Additionally since last year, the 2009/10 UK budget
deficit has managed to nearly double its size from a mere 6.3% of GDP
to some 12.4% - that is the highest level of all our peer nations but,
more worryingly, three times the percentage deficits of Argentina and
Indonesia! What then is the message from this? Possibly a new category
of nation has been formed? Maybe the UK is the first member of the new
group of “4th World” nations - that is to say those nations with post
development mature submerging economies.
As such our biggest issue will be one of confidence,
especially when you ask who is going to finance our debt and at what
price. This situation may become even worse if the UK is downgraded
and loses its “Triple A” rating which would yet further put up the
costs of our funding. To get ourselves out of this we need statesmen
and not just the usual selection of parochial politicians playing
petty party politics - also known as P6.
If the financing numbers weren’t warning enough, then
it was the Chancellor’s growth figures that seemed most astonishing.
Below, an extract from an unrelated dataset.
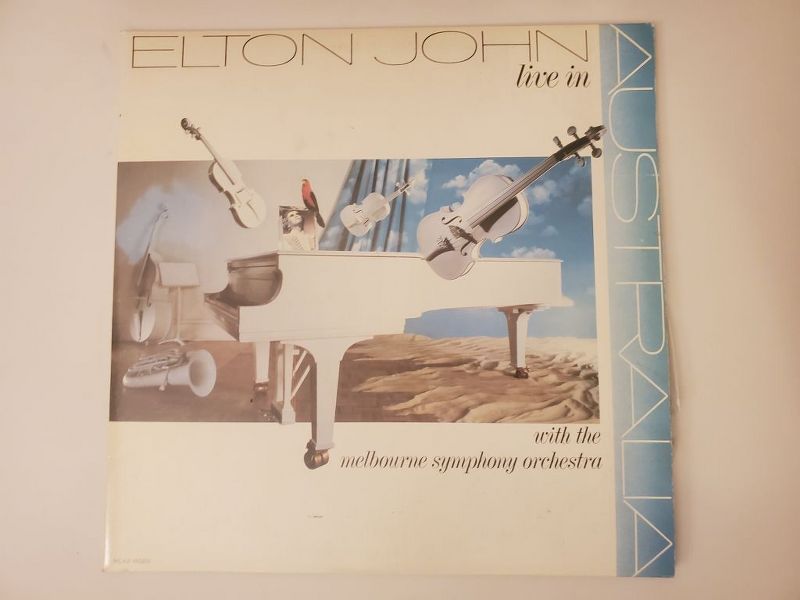 Elton John Live in Australia with the Melbourne Symphony Orchestra vinyl record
In any normal recession (if there is such a thing) a slowdown can
often be seen to be followed by a balancing recovery; however in the
current climate of capital destruction and flailing banks, the fuel
for any recovery, let alone a dramatic one, is going to be in very
short supply. Effectively we have had twenty years of growth
concertinaed into a single decade further exacerbated by a credit boom
- ten years of fat which will now be followed by ten years of lean and
mean. At least a slowdown or recession is usually quite predictable
and expected - and remember our “Dear Leader” told us that he would
make and set aside provisions for such times, however, we now know
that no such provisions were made and that the granaries were not
stocked during the years of surplus. We may have found our Potiphar,
but where was our Joseph?
So what should be done now?
The answer lies in some very serious financial control
for a limited number of years - almost a national social contract of
austerity - if we are to try and stabilise this leaky craft. Yes harsh
cuts which will be both painful and unpopular, but maybe we should
rather look at a VAT rise for several years with higher rates on
certain products. At least this is discretionary for us all. With
this, should we consider full bank nationalisation to enforce policy
faster and then the withdrawal of Stamp Duty on property for the same
period of time? At least that would encourage further expenditure and
speed up property price formations and certainty. The alternative is
to leave the equivalent of another world war debt to our children.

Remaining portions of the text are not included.